━━━ DATA TO USE ━━━
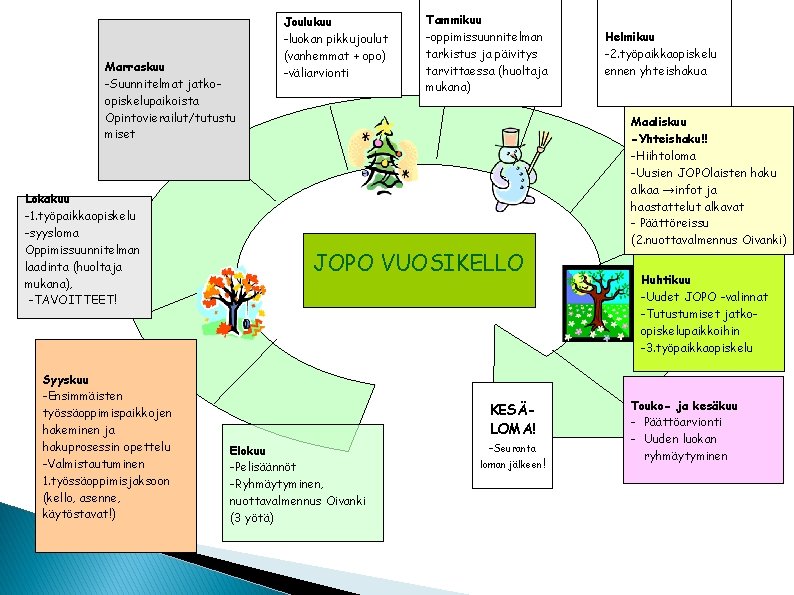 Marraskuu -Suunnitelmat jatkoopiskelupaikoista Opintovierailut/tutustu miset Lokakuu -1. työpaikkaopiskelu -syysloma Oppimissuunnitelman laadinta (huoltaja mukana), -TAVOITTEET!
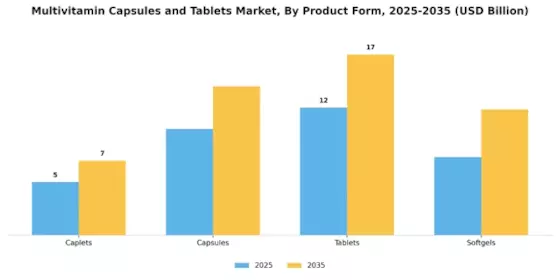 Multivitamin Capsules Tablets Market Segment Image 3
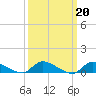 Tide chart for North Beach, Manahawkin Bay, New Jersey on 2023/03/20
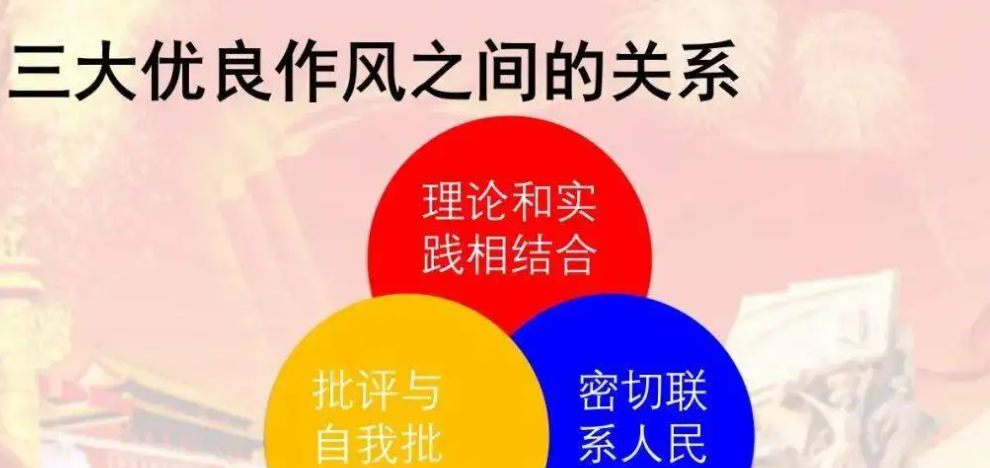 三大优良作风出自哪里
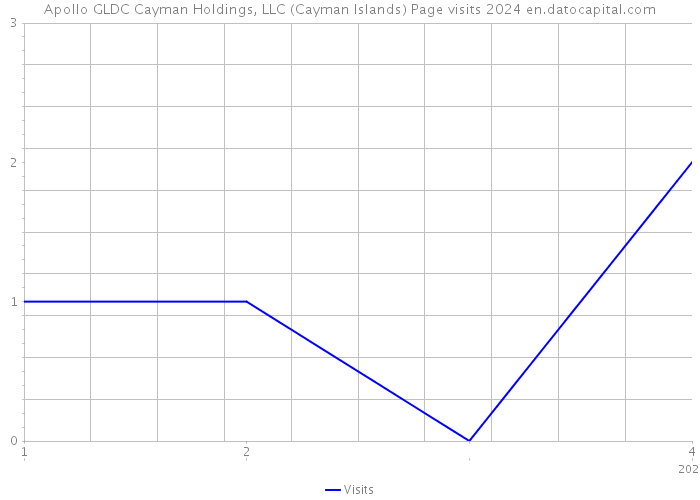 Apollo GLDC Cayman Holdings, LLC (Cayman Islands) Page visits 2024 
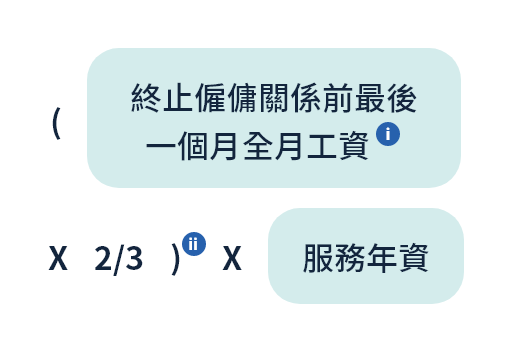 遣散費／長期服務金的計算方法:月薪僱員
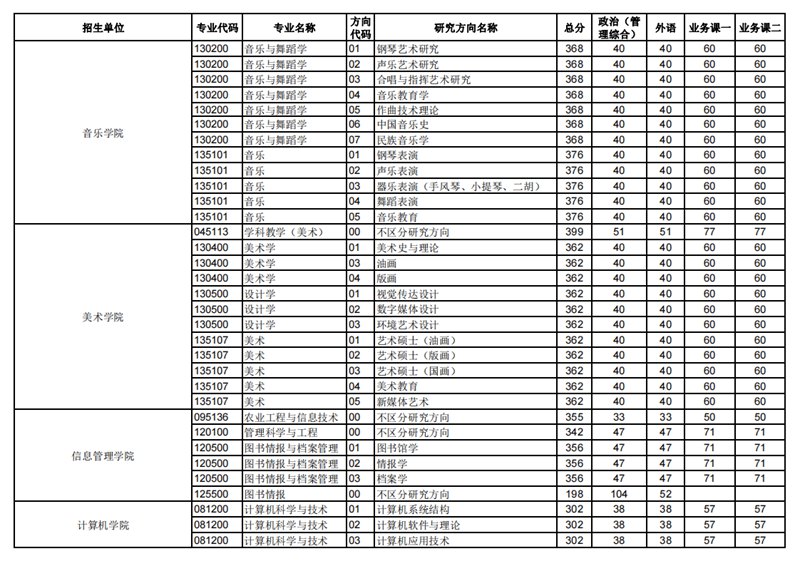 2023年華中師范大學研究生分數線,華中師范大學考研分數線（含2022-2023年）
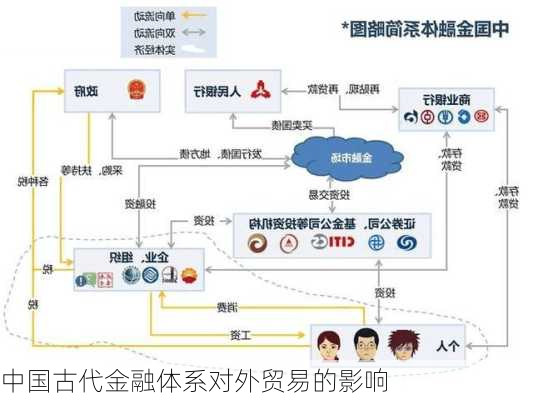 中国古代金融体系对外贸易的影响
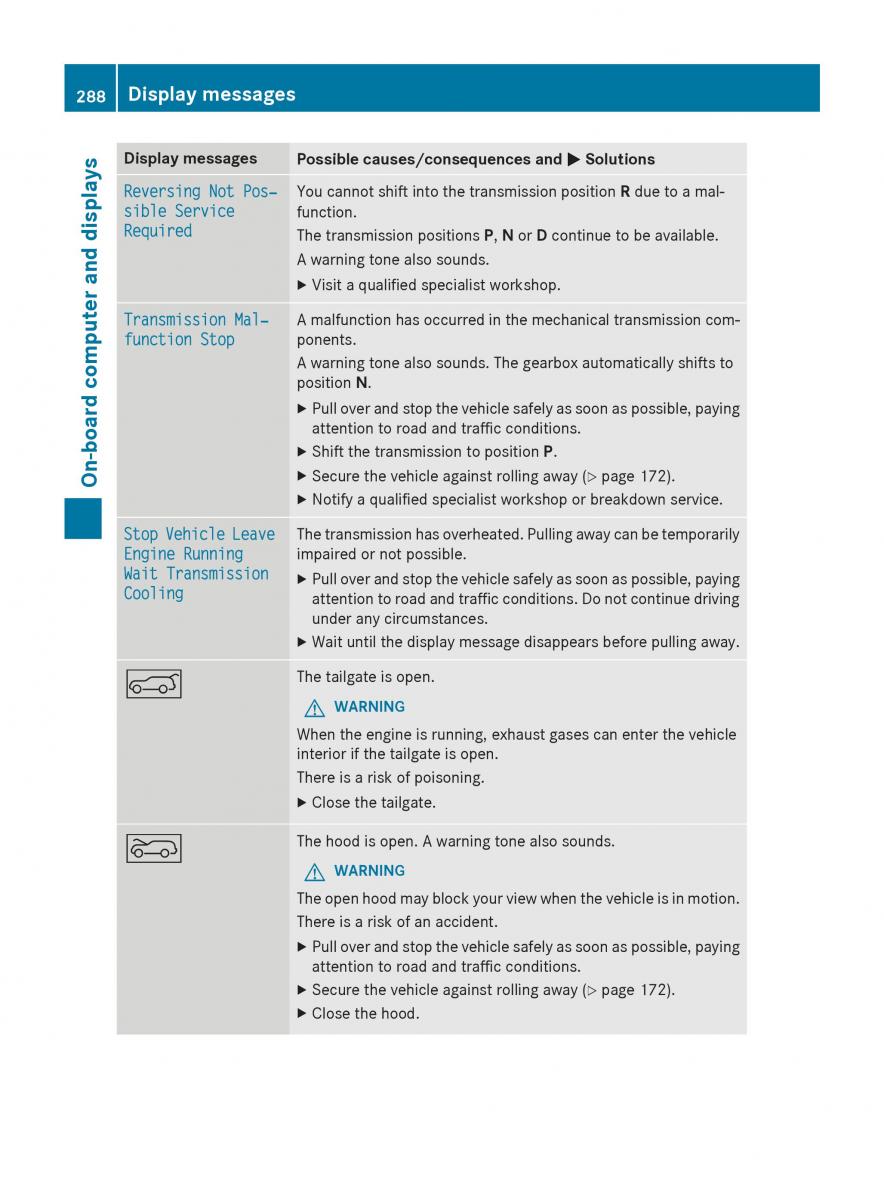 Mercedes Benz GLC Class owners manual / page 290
━━━
## AIM OF THE TASK
From the first line above to the last, reproduce the records exactly but without the pictures.

## RESULT
 Marraskuu -Suunnitelmat jatkoopiskelupaikoista Opintovierailut/tutustu miset Lokakuu -1. työpaikkaopiskelu -syysloma Oppimissuunnitelman laadinta (huoltaja mukana), -TAVOITTEET!
 Multivitamin Capsules Tablets Market Segment Image 3
 Tide chart for North Beach, Manahawkin Bay, New Jersey on 2023/03/20
 三大优良作风出自哪里
 Apollo GLDC Cayman Holdings, LLC (Cayman Islands) Page visits 2024 
 遣散費／長期服務金的計算方法:月薪僱員
 2023年華中師范大學研究生分數線,華中師范大學考研分數線（含2022-2023年）
 中国古代金融体系对外贸易的影响
 Mercedes Benz GLC Class owners manual / page 290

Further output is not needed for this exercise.